__LISTED RECORDS__
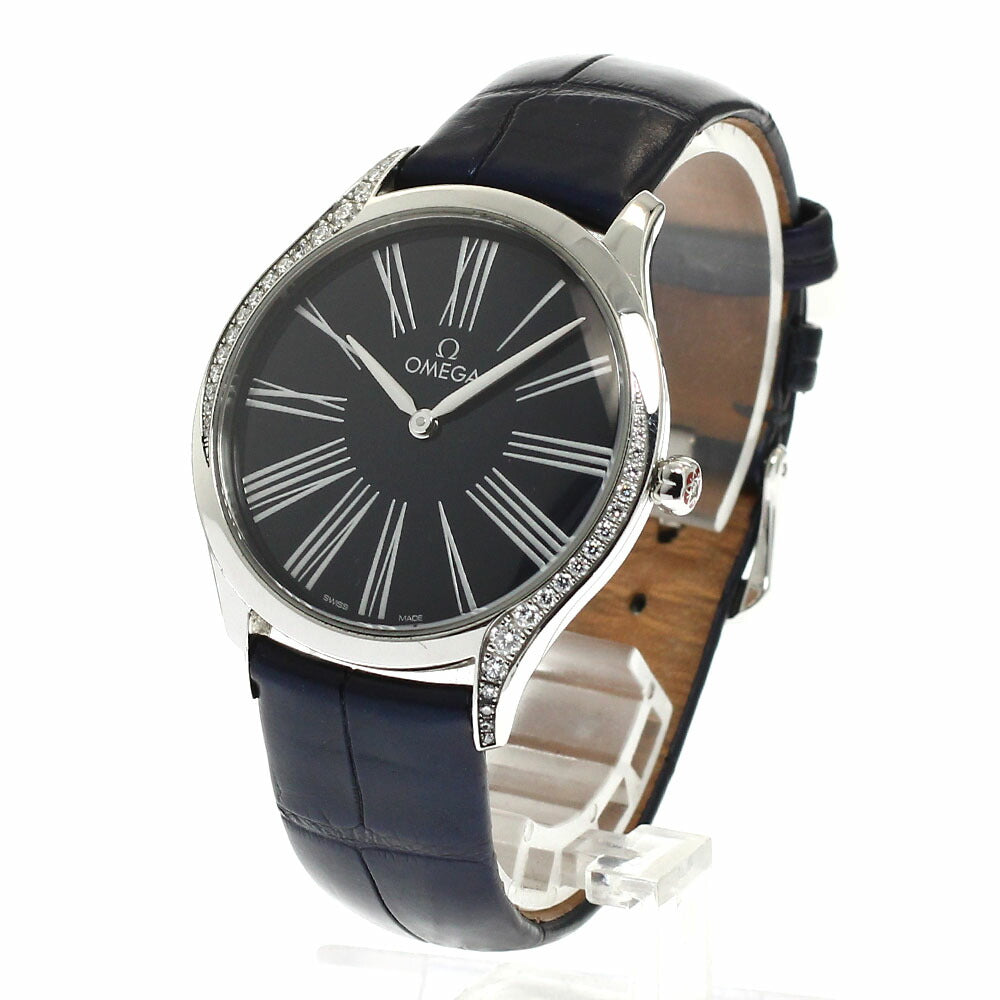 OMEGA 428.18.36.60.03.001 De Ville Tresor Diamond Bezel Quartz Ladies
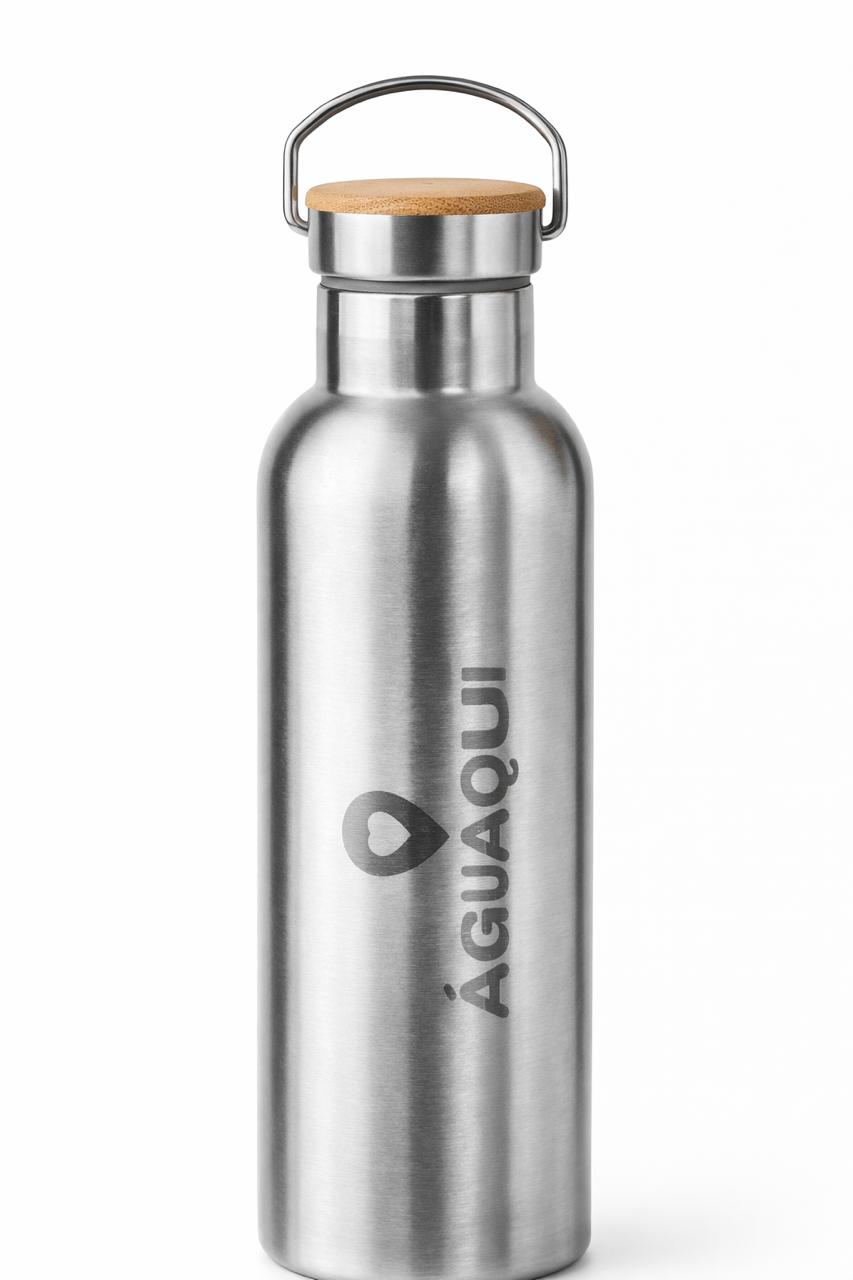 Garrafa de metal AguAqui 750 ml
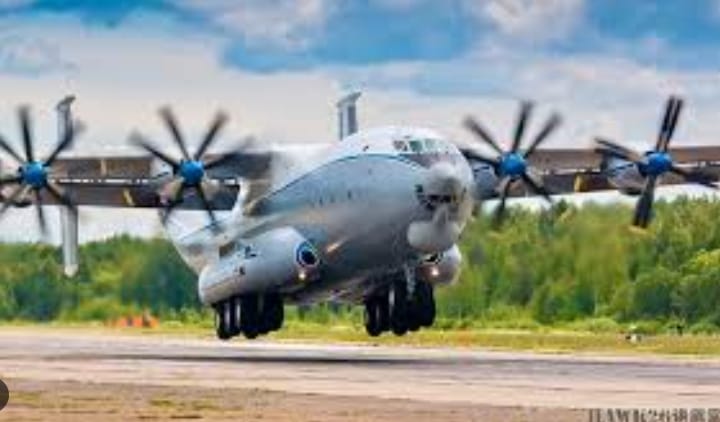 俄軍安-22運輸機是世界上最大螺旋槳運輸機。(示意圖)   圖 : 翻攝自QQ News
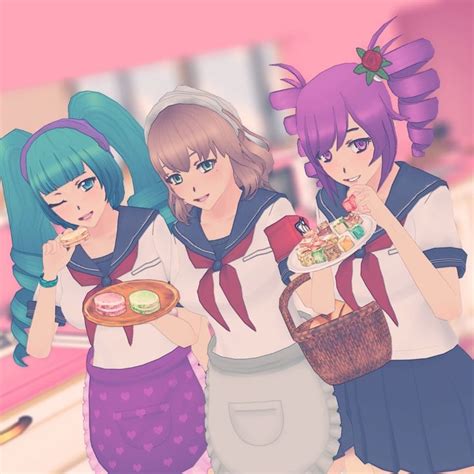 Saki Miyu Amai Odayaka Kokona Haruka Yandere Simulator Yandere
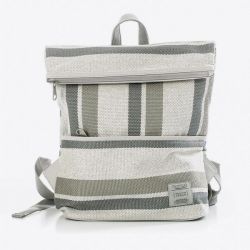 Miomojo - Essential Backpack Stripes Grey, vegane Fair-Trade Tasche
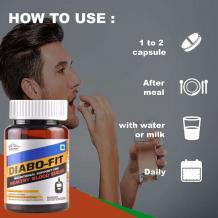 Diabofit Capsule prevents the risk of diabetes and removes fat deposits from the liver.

__WORK REQUEST__
Before you print the records, please set aside any pictures and keep everything else exact.

__RESULT__
 OMEGA 428.18.36.60.03.001 De Ville Tresor Diamond Bezel Quartz Ladies
 Garrafa de metal AguAqui 750 ml
 俄軍安-22運輸機是世界上最大螺旋槳運輸機。(示意圖)   圖 : 翻攝自QQ News
 Saki Miyu Amai Odayaka Kokona Haruka Yandere Simulator Yandere
 Miomojo - Essential Backpack Stripes Grey, vegane Fair-Trade Tasche
 Diabofit Capsule prevents the risk of diabetes and removes fat deposits from the liver.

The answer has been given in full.